Partition table names

Partitions follow the prefix_sanitizedPersistenceId_partitionNumber naming pattern. The prefix can be configured by changing the posgres-journal.tables.journal.partitions.prefix value. By default it’s set to j. sanitizedPersistenceId is PersistenceId with all non-word characters replaced by _. partitionNumber is the ordinal number of the partition for a given partition id.

Example partition names: j_myActor_0, j_myActor_1, j_worker_0 etc.

Keep in mind that the default maximum length for a table name in Postgres is 63 bytes, so you should avoid any non-ascii characters in your persistenceIds and keep the prefix reasonably short.

:warning: Once any of the partitioning setting under postgres-journal.tables.journal.partitions branch is settled, you should never change it. Otherwise you might end up with PostgresExceptions caused by table name or range conflicts.

Using journal partitioned by ordering (offset)

In order to start using partitioned journal, you have to apply this schema and set the Journal DAO FQCN:

postgres-journal.dao = "akka.persistence.postgres.journal.dao.PartitionedJournalDao"

Partition size

The size of each partition (ordering’s range) can be changed by setting postgres-journal.tables.journal.partitions.size. By default partition size is set to 10000000 (10M).

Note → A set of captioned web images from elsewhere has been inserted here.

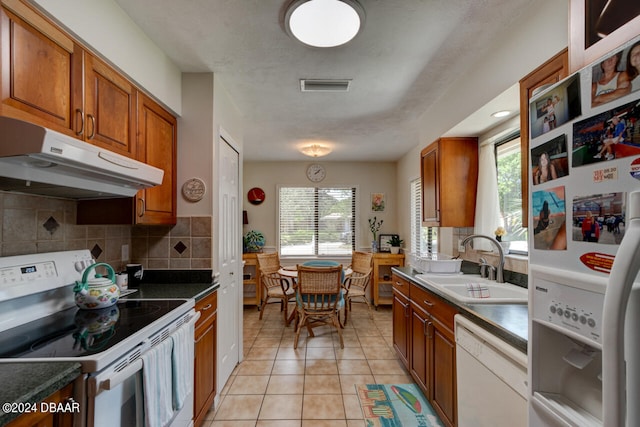 kitchen featuring plenty of natural light, light tile patterned floors, white appliances, and sink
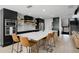 Eat-in kitchen features a large island with seating, black cabinets, and modern appliances at 16692 Lake Pickett Rd, Orlando, FL 32820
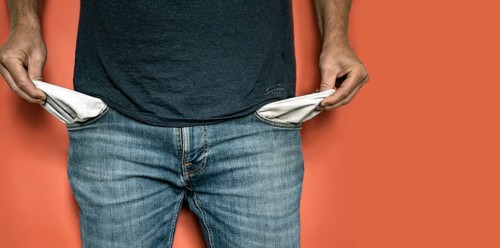 Man has empty trouser pockets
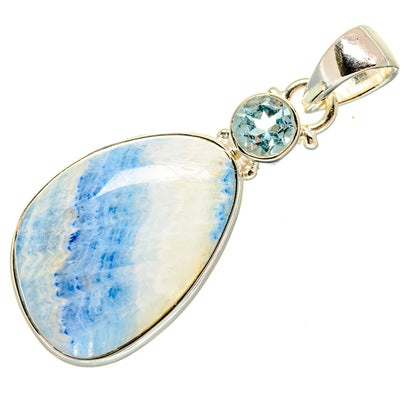 Oval blue gemstone pendant with round blue faceted stone in sterling silver bezel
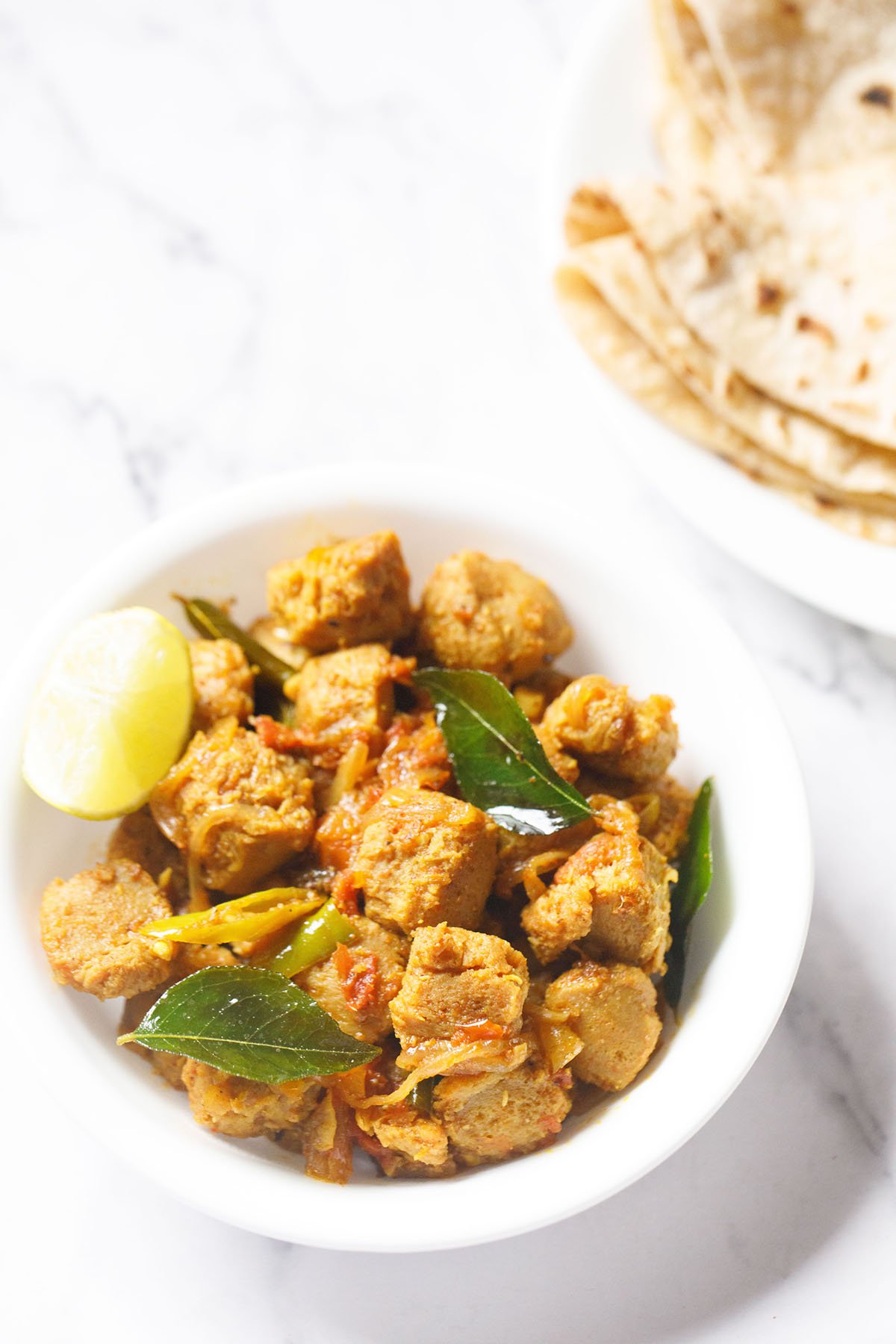 soya chunks fry in a white bowl with a lemon wedge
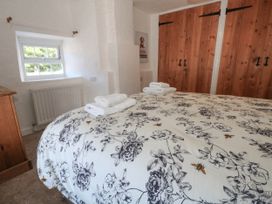A bedroom with a bed covered in floral bedding at Greenwich Cottage in Burton Bradstock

Partitions are automatically created by the plugin in advance. PartitionedJournalDao keeps track of created partitions and once ordering is out of the range for any known partitions, a new one is created.

Partition table names

Partitions follow the prefix_partitionNumber naming pattern. The prefix can be configured by changing the posgres-journal.tables.journal.partitions.prefix value. By default it’s set to j. partitionNumber is the ordinal number of the partition for a given partition id.

Example partition names: j_0, j_1, j_2 etc.

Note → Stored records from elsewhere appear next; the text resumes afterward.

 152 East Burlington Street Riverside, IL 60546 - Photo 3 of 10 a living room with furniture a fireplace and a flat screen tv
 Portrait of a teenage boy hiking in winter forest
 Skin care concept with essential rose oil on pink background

:warning: Once any of the partitioning setting under postgres-journal.tables.journal.partitions branch is settled, you should never change it. Otherwise you might end up with PostgresExceptions caused by table name or range conflicts.

Tags caching

Tags are mapped into their unique integer ids and store in a column of type int[].

In order to provide fast access we cache those mappings. You can define how long given mapping entry remains in the cache before it gets wiped out by setting postgres-journal.tags.cacheTtl (used by write journal when persisting events) and postgres-read-journal.tags.cacheTtl (used by read journal when querying events by tags) config parameters.

Default value is 1 hour.

Explicitly shutting down the database connections

The plugin automatically shuts down the HikariCP connection pool when the ActorSystem is terminated. This is done using ActorSystem.registerOnTermination.